A/N: Hey Leute. Sorry, dass es so lange gedauert hat. Ich hatte einige Schwierigkeiten mit diesem Kapitel, aber besser wird es nicht mehr. Also, ohne weitere Verzögerung: Hier ist Kapitel 11.
Ach ja, ich habe Kapitel 10: Sand umbenannt in Vor Zwei Tagen: John, um die Übersicht einfacher zu machen.
Außerdem habe ich eine wichtige Frage an euch. Am Ersten Ersten 2012 kommt die neue Staffel auf BBC, und wir erfahren, was nach dem Pool wirklich geschah. Macht es dennoch Sinn, diese Geschichte weiterzuschreiben? Oder wird sie dann AU und sinnlos? Ich bitte um Rückmeldung.
PS: Wer erkennt die Droge? :3

Warnung: Mycroft trifft auf meinen Headcanon Sebastian Moran.
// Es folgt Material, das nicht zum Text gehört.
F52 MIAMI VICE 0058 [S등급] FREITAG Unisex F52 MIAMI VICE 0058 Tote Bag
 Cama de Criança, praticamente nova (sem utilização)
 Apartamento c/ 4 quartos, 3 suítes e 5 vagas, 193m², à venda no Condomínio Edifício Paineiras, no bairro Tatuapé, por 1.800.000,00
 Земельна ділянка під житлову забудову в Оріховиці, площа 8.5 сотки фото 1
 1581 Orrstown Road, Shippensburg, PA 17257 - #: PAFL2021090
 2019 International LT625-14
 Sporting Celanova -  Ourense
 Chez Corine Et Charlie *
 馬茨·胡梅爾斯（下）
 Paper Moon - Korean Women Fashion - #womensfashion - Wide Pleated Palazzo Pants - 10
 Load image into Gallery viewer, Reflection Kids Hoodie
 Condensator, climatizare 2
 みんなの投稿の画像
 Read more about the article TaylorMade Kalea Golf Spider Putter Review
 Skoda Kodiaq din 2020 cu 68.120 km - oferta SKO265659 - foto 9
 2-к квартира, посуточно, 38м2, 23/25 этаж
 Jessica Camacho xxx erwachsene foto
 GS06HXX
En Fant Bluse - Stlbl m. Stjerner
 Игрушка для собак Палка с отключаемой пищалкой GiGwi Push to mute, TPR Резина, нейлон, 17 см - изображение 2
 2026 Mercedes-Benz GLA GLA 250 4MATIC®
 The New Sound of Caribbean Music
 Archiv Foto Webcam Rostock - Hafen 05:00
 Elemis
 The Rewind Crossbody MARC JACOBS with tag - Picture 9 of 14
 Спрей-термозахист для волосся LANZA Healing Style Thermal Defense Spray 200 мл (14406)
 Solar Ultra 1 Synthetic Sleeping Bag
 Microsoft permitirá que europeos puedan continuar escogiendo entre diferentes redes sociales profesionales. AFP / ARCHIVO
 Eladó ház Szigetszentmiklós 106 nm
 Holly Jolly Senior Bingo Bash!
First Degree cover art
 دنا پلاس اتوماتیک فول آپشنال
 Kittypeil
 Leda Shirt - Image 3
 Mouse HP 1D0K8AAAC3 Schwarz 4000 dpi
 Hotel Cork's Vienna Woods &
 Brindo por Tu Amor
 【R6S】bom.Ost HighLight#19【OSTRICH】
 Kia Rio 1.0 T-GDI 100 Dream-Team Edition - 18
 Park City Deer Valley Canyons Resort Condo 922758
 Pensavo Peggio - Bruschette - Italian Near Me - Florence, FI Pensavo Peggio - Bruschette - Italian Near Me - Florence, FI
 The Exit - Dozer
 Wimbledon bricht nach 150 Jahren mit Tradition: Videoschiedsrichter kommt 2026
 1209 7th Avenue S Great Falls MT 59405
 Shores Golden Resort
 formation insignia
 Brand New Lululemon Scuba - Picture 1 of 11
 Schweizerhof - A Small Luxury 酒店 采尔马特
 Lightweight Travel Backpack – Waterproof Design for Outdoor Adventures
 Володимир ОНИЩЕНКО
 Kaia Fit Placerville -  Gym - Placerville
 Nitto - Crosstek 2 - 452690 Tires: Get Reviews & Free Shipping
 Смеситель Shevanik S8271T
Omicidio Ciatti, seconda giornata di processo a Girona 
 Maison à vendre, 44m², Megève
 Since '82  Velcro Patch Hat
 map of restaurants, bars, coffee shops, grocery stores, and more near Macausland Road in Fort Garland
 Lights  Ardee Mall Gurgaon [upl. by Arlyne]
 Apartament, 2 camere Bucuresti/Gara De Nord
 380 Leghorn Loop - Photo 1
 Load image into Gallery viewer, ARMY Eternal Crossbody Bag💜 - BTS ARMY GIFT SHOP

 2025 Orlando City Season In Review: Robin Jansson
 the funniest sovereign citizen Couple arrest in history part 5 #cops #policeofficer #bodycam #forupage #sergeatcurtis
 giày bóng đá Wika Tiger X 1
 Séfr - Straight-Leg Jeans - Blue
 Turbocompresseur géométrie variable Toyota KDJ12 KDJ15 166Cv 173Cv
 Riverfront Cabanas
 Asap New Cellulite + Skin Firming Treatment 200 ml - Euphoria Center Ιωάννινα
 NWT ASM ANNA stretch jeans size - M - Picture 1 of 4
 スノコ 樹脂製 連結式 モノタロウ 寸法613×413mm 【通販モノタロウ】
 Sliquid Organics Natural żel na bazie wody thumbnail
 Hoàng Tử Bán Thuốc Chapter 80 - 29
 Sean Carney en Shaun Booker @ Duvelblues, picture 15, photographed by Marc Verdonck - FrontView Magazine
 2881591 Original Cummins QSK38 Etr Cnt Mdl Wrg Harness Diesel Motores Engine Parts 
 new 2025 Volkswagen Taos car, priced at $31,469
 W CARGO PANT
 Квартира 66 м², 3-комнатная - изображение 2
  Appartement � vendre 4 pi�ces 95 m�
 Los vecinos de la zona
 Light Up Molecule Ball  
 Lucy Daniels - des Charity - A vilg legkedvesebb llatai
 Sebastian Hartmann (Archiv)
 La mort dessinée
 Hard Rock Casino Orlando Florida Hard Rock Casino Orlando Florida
Zitat: Am Ende wird alles gut. Wenn es nicht gut ist, ist es noch nicht das Ende. (Oscar Wilde)


Kapitel Elf_Luft


Mycroft steigt in den schwarzen, unauffälligen Wagen, und die Überwachungskamera am Gebäude gegenüber schickt die Daten unverzüglich an die Sicherheitsabteilung.

Der Anschnallgurt klickt, als er einrastet, und der Fahrer setzt den Blinker und schert aus der Parkbucht aus, um sich auf die linke Spur einzuordnen. Als sie Minuten später an der Ecke zur Marylebone Road links abbiegen, schrillen im Büro die ersten Alarmsirenen.

Mycroft starrt aus dem Fenster, ohne viel zu sehen. Seine Gedanken rasen. Es geht um Zeit. Zeit ist der essentielle Faktor bei dieser Operation. Und er hatte gerade einmal zwei Komma neun eins Minuten Vorbereitungszeit. Machbar, schaffbar, aber nicht gut genug. Er braucht Zeit.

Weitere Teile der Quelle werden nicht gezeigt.